SBI reclaims crown: Overtakes ICICI Bank as India’s 2nd most valuable bank after 6 years

State Bank of India reclaimed its position as the country's second-most valuable bank by market capitalisation on Tuesday, overtaking ICICI Bank for the first time in more than six years as a sustained rally in public sector bank stocks drew fresh foreign institutional investment.
SBI's market cap stood at ₹9.60 trillion compared to ICICI Bank's ₹9.57 trillion in morning trade on January 27, 2026, according to BSE data reported by Business Standard. The state-run lender last held this position on August 6, 2019, when its valuation stood at ₹2.69 trillion against ICICI Bank's ₹2.65 trillion. HDFC Bank remains India's most valuable bank with a market cap of ₹14.16 trillion.
Foreign Investors Drive PSU Bank Rally
The reversal in fortunes reflects a broader institutional pivot toward public sector banks. Foreign institutional investors raised their stake in SBI to 10.34% in the December 2025 quarter, the highest level in a year, up from 9.57% in September 2025. The buying spree extended across the sector, with FIIs increasing positions in 10 of 12 PSU banks as the group added ₹4.5 lakh crore in market capitalisation over the past year.
SBI has outperformed its private sector rivals by a wide margin in recent months. The stock has gained 6% in January 2026, compared with declines of 7.2% for HDFC Bank and 0.3% for ICICI Bank during the same period. Over six months, SBI surged 31%, while ICICI Bank fell 10.2% and HDFC Bank dropped 8.6%.

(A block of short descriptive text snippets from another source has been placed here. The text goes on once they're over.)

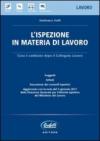 L'ispezione in materia di lavoro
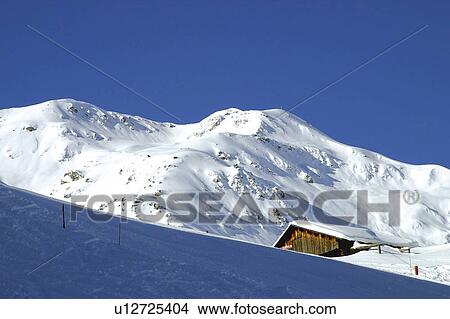 Picture - Landscape of snow, Landscape, Landscapes of snow, Winter, Snow, Snowy, Alps. Fotosearch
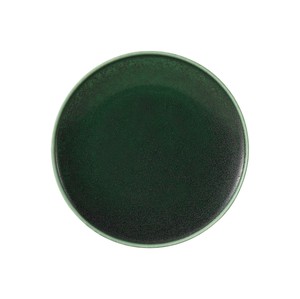 Mino ware Small Plate M Green Made in Japan
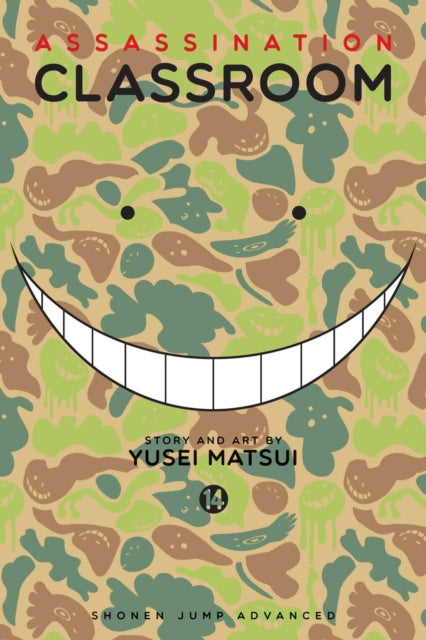 Assassination Classroom Manga Volume 14 - Engels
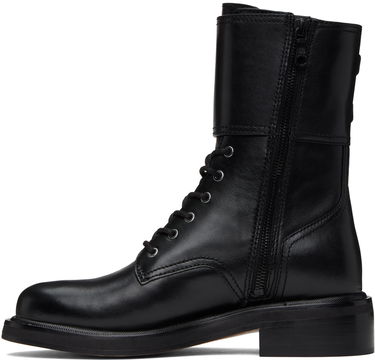 Облекло rag & bone Rag & Bone RB Moto Lace-Up Boots Черно | WFF23FF015SX15, 2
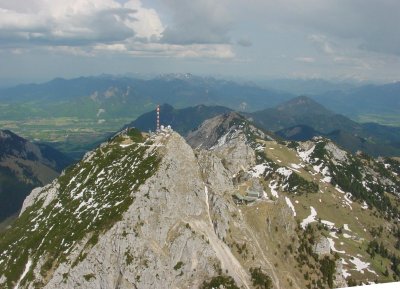 Der Wendelstein von Nordost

The stock touched a record high of ₹1,055.35 on January 22, 2026, pushing its market cap toward ₹10 trillion.
Analysts Cite Stronger Fundamentals
Motilal Oswal Financial Services noted that SBI has delivered strong performance supported by steady business and revenue growth alongside well-contained credit costs. The bank is guiding for 13-14% loan growth in FY26, led primarily by the retail, agriculture, and MSME segments, with net interest margin outlook remaining unchanged at above 3%.
S&P Global Ratings has forecast SBI's return on assets will stay at 0.9%-1.0% over the next two years, supported by the bank's contained credit costs amid a benign credit cycle in India.

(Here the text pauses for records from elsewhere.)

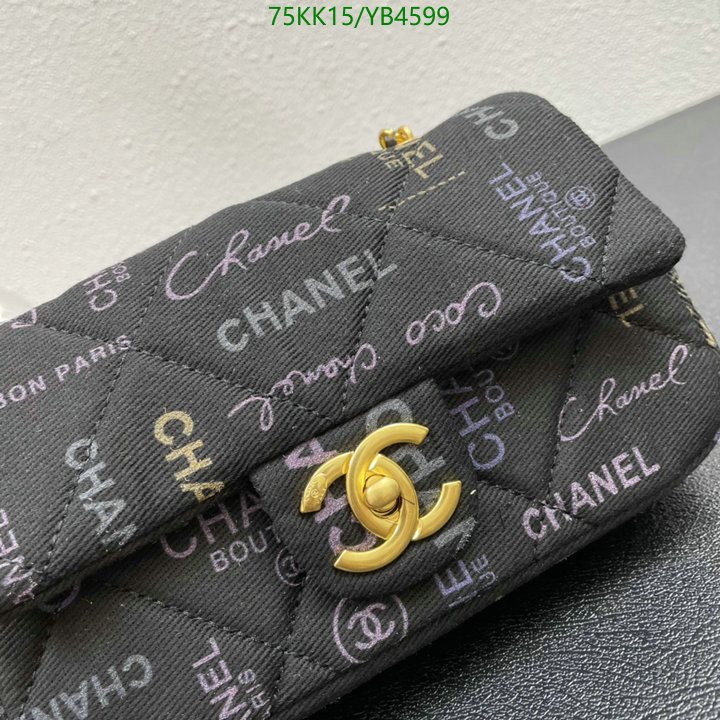 Chanel Bags ( 4A )-Diagonal-,Code: YB4599,$: 75USD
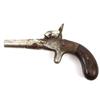 Image 3 : ANTIQUE LADIES PERCUSSION POCKET PISTOL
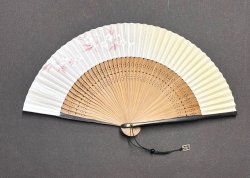 画像1: ＜琳風扇＞　手描き 桜花図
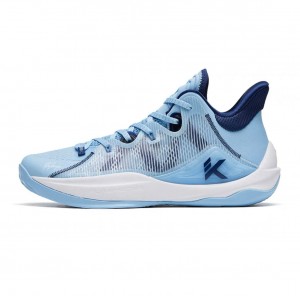 Anta KT The Mountain 2.5 Basketball Shoes Blue UK | 672PTUEGF
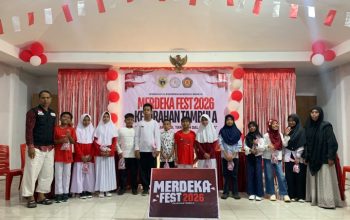 Semarak HUT ke-81 RI Menggema di Tambula, IPPT Gelar Merdeka Fest 2026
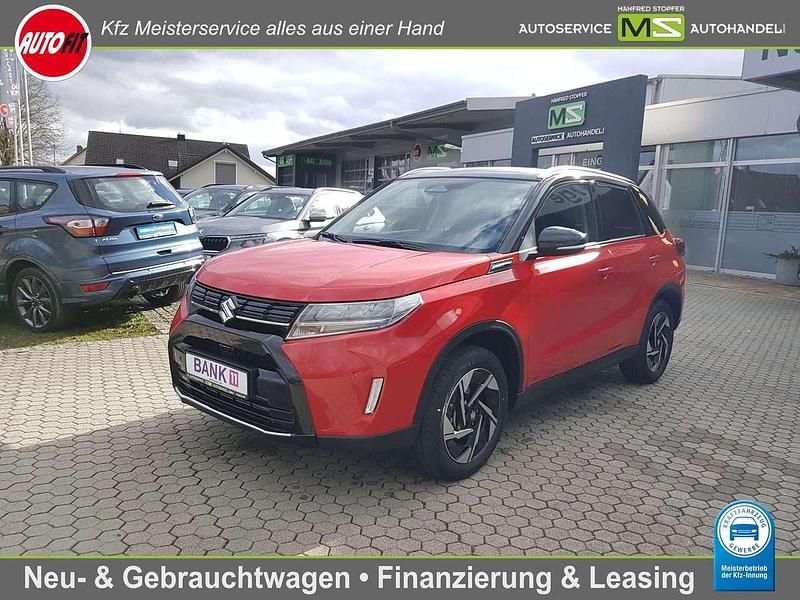 Neu Suzuki Vitara Comfort 110 PS (80 kW) 2026 Rot SUV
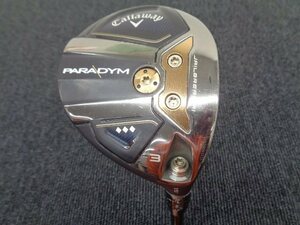 中古 キャロウェイ PARADYM ◆◆◆/VENTUS BLACK 6(JP)レンチナシ/X/15[2378]■松山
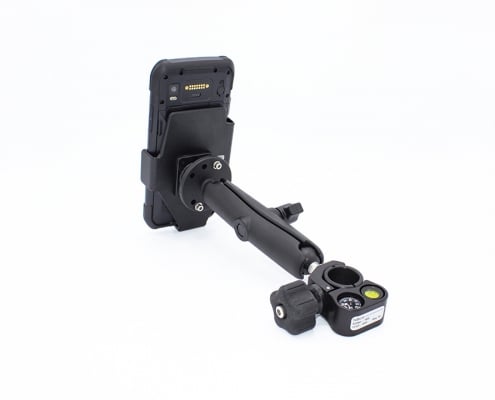 handheld nautiz x6 pole mount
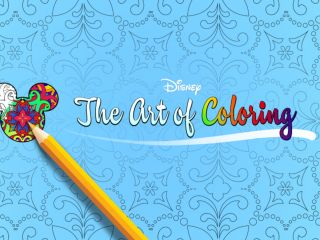 Art of Coloring by Disney, une nouvelle application pour colorier sans stress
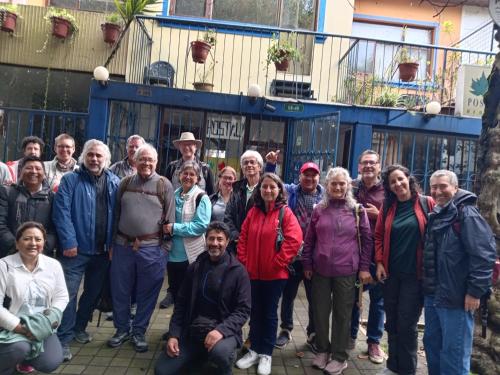 Tetamu yang menginap di Hostal Posada del Maple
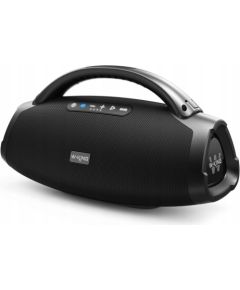 Głośnik bezprzewodowy Bluetooth W-KING X20 czarny Bezvadu skaļruņi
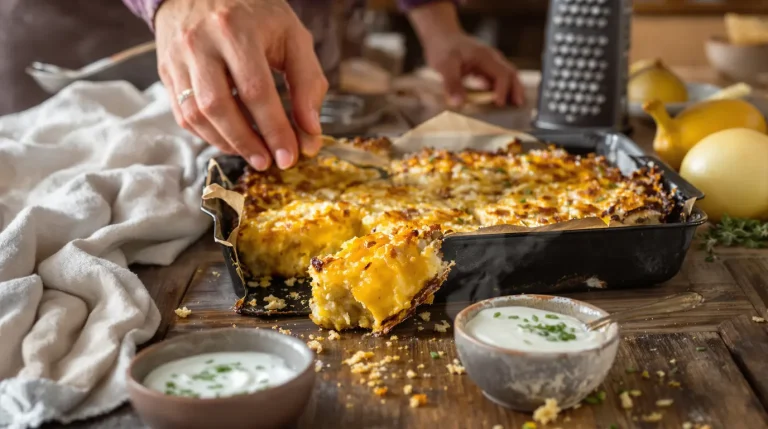 Croustillant doré et parfum d’enfance : la recette express de galettes de pommes de terre au four sans huile Croustillant doré et parfum d’enfance : la recette express de galettes de pommes de terre au four sans huile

"For the first time in over a decade, PSU banks are also growing their loan books faster than private sector banks, indicating that they are regaining market share and customer confidence," said Manish Srivastava, Executive Director at Anand Rathi Wealth Limited.
Indian equity markets rebounded on Tuesday after falling in early trade, with the Sensex and Nifty recovering to trade in positive territory. SBI was among the gainers on the 30-share index.